Your objective: What is needed is an exact reproduction of the lines in the records below, starting at the line with "SWEETFULL Portable Stroller" and ending at the line with "YITAHOME 43.3x17.7x61 in", both included, and nothing else; pictures stay out.

Exercise data:

▼▼▼

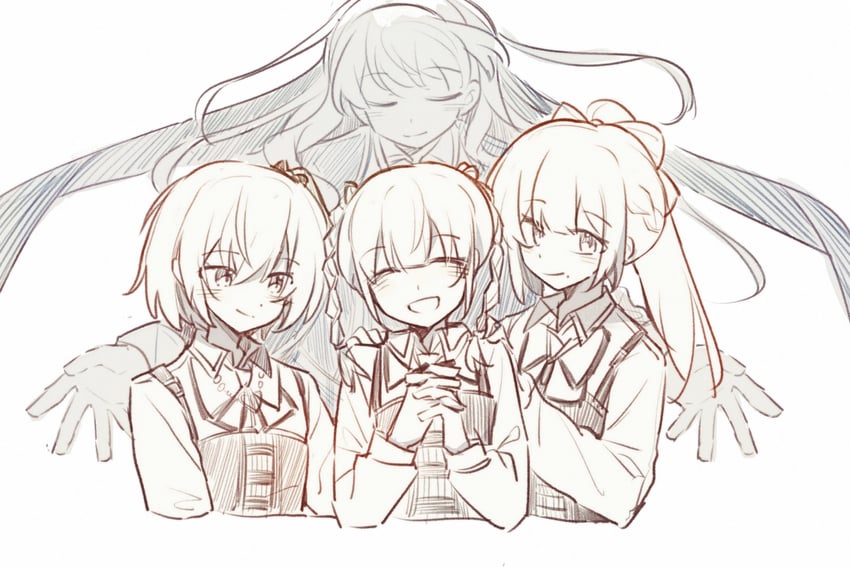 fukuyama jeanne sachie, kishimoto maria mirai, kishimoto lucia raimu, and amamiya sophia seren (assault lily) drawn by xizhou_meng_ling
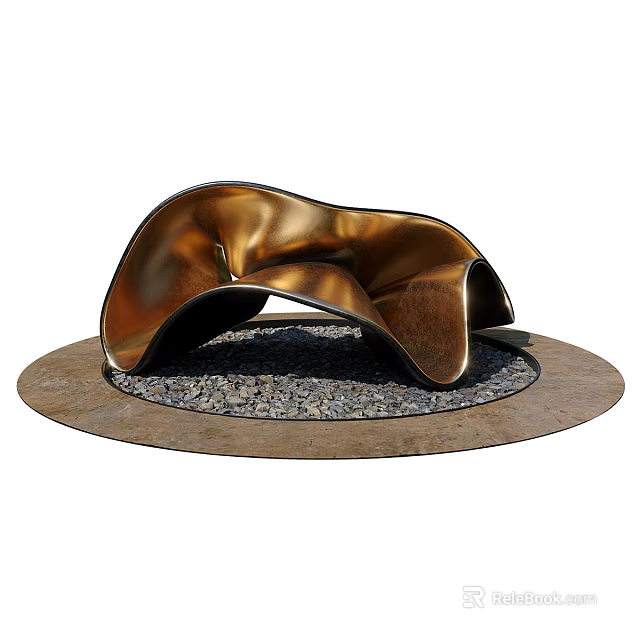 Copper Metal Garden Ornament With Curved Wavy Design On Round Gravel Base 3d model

▲▲▲
▼▼▼

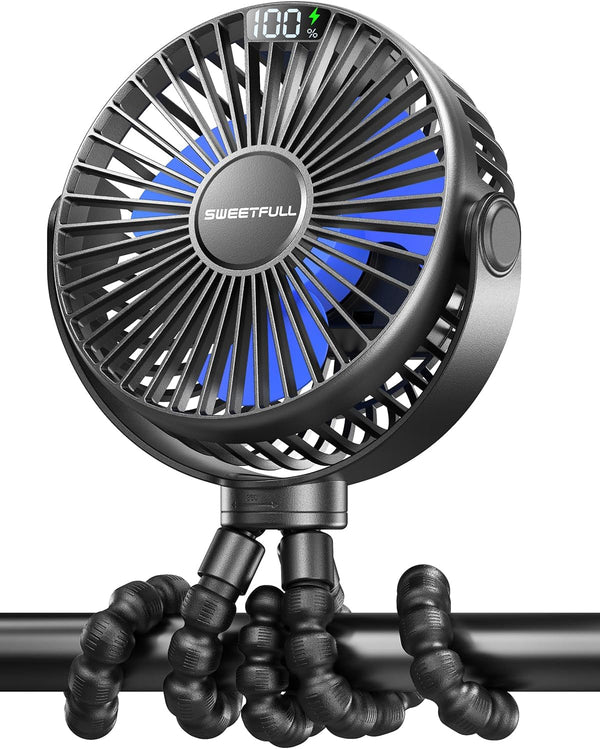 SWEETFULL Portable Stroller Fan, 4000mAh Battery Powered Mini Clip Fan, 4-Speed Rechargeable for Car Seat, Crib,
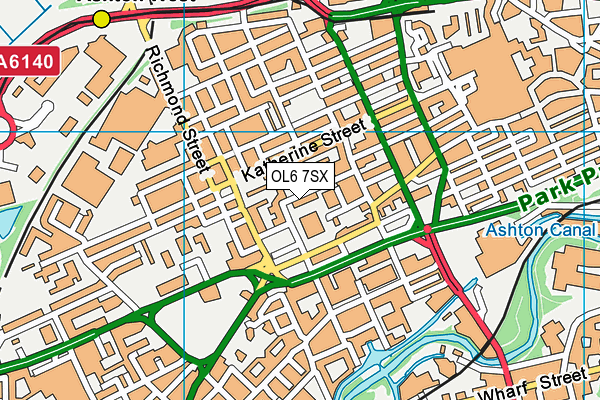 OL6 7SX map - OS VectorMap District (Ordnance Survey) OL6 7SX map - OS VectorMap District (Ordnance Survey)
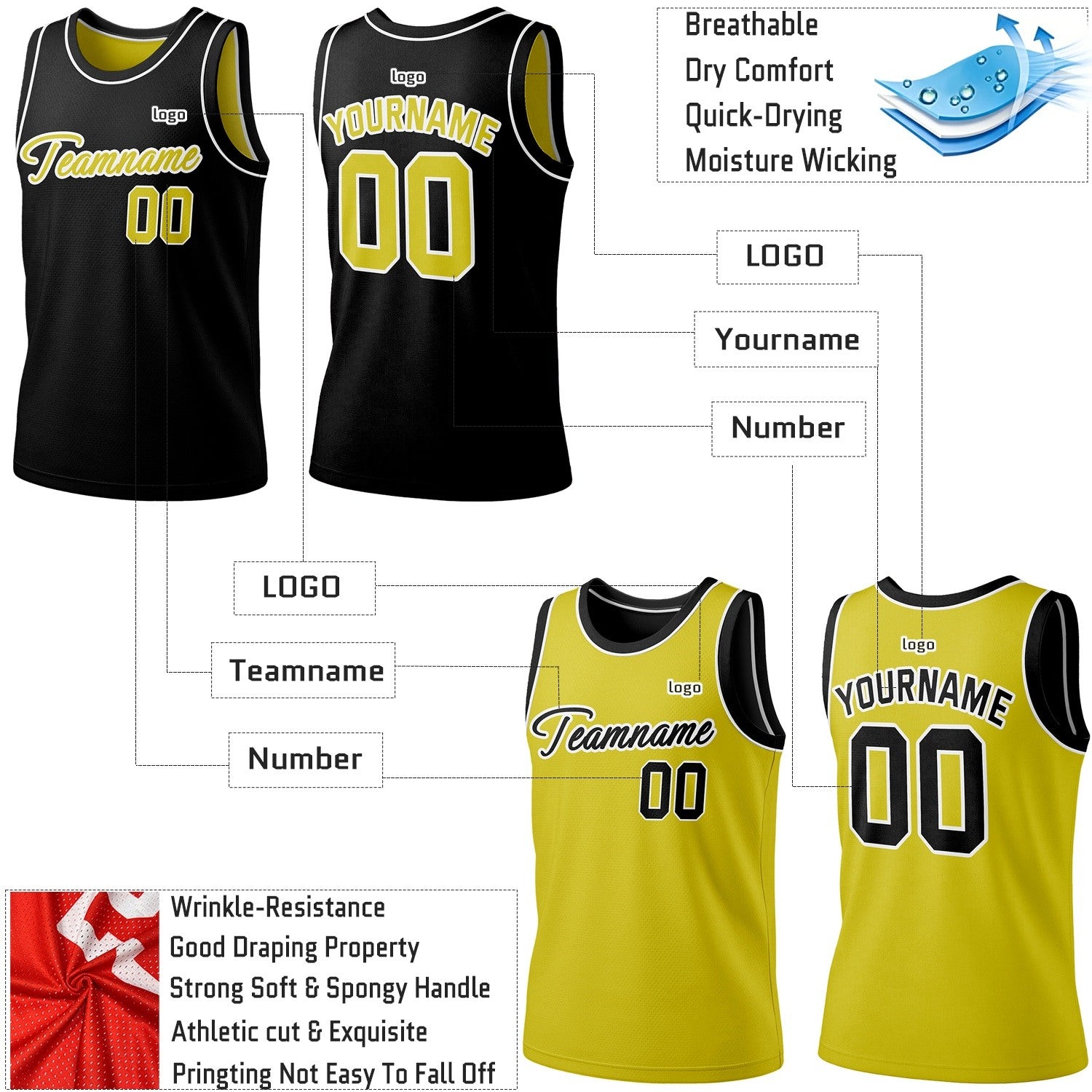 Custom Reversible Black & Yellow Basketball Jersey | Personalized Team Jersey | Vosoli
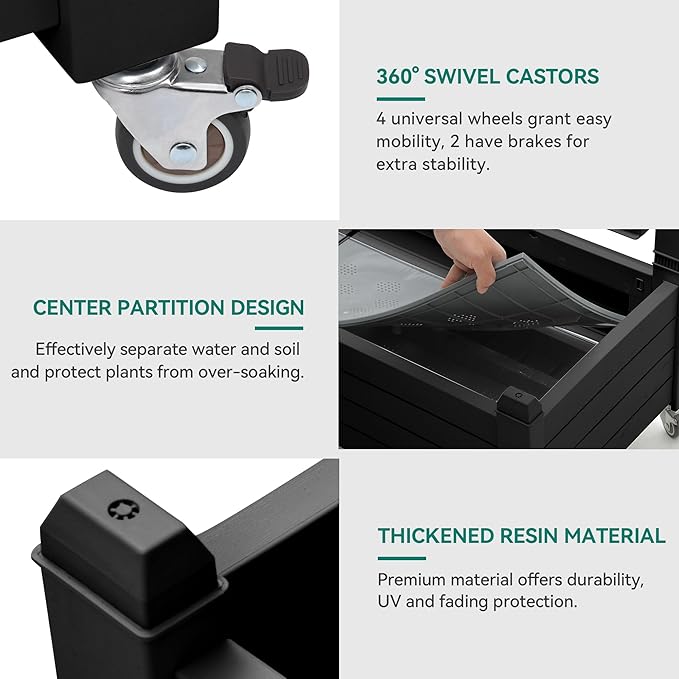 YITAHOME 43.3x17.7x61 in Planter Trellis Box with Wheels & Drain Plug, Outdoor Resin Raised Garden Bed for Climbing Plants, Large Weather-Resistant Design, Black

▲▲▲
▼▼▼

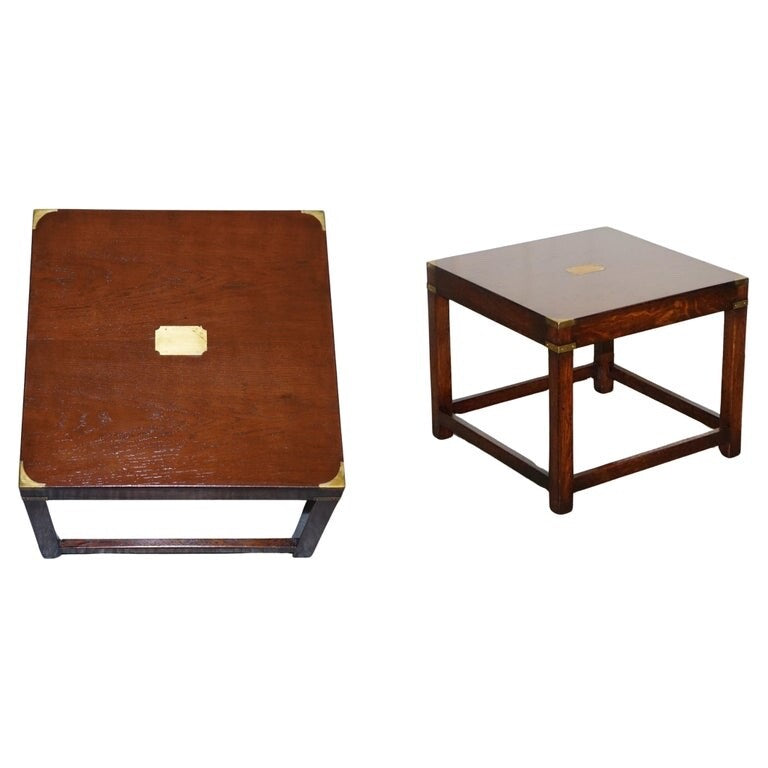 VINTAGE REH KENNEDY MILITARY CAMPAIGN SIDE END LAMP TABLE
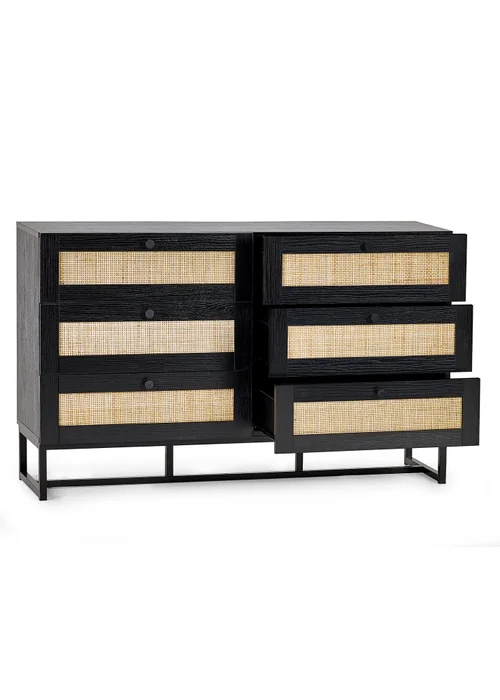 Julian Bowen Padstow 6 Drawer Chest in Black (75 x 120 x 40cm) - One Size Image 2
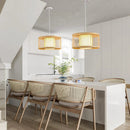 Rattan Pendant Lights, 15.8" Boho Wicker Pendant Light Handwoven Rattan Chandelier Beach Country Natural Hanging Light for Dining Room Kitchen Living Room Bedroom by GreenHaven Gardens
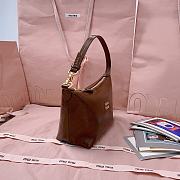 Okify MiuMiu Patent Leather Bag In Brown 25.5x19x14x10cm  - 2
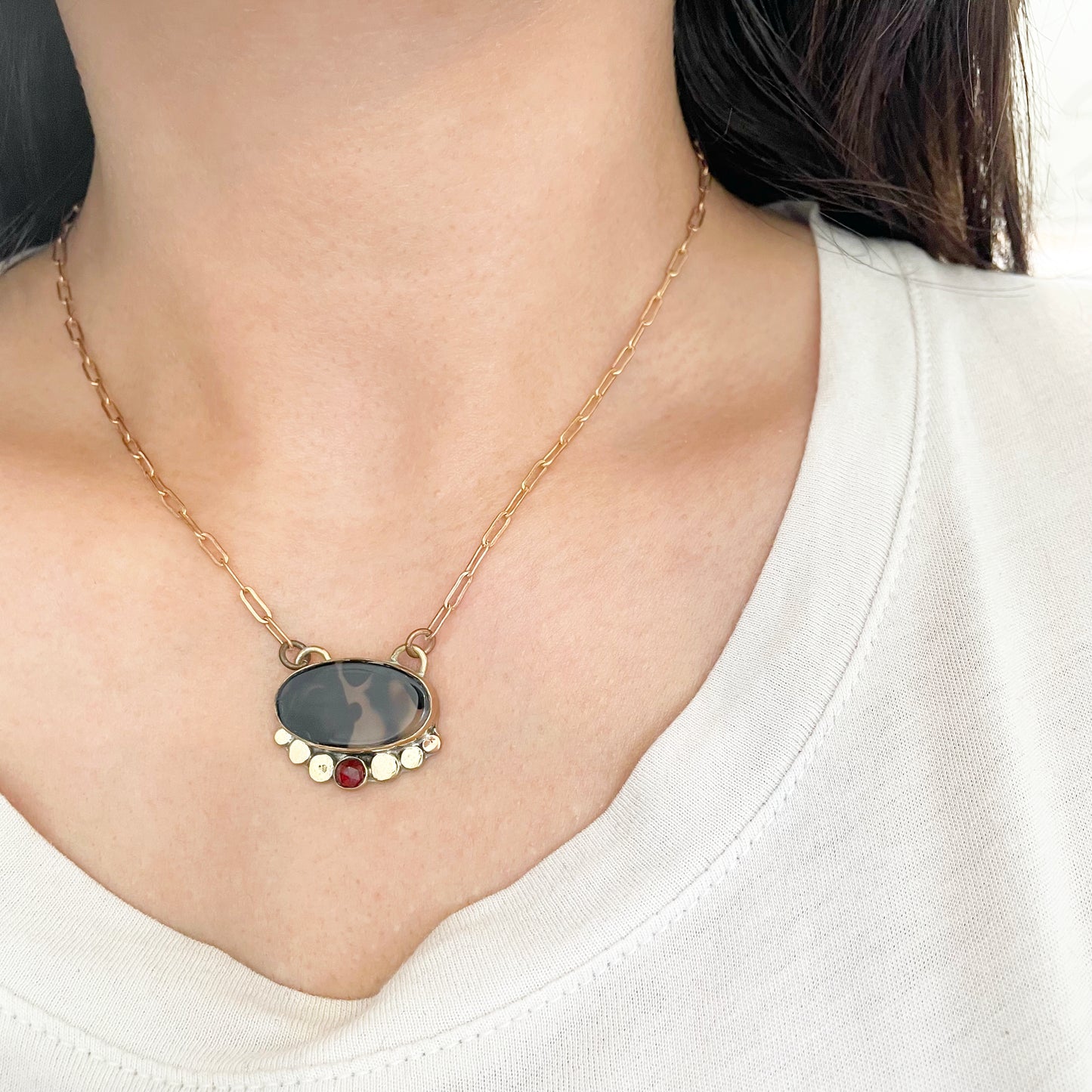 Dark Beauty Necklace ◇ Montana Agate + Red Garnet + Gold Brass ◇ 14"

▲▲▲

The answer:
 SWEETFULL Portable Stroller Fan, 4000mAh Battery Powered Mini Clip Fan, 4-Speed Rechargeable for Car Seat, Crib,
 OL6 7SX map - OS VectorMap District (Ordnance Survey) OL6 7SX map - OS VectorMap District (Ordnance Survey)
 Custom Reversible Black & Yellow Basketball Jersey | Personalized Team Jersey | Vosoli
 YITAHOME 43.3x17.7x61 in Planter Trellis Box with Wheels & Drain Plug, Outdoor Resin Raised Garden Bed for Climbing Plants, Large Weather-Resistant Design, Black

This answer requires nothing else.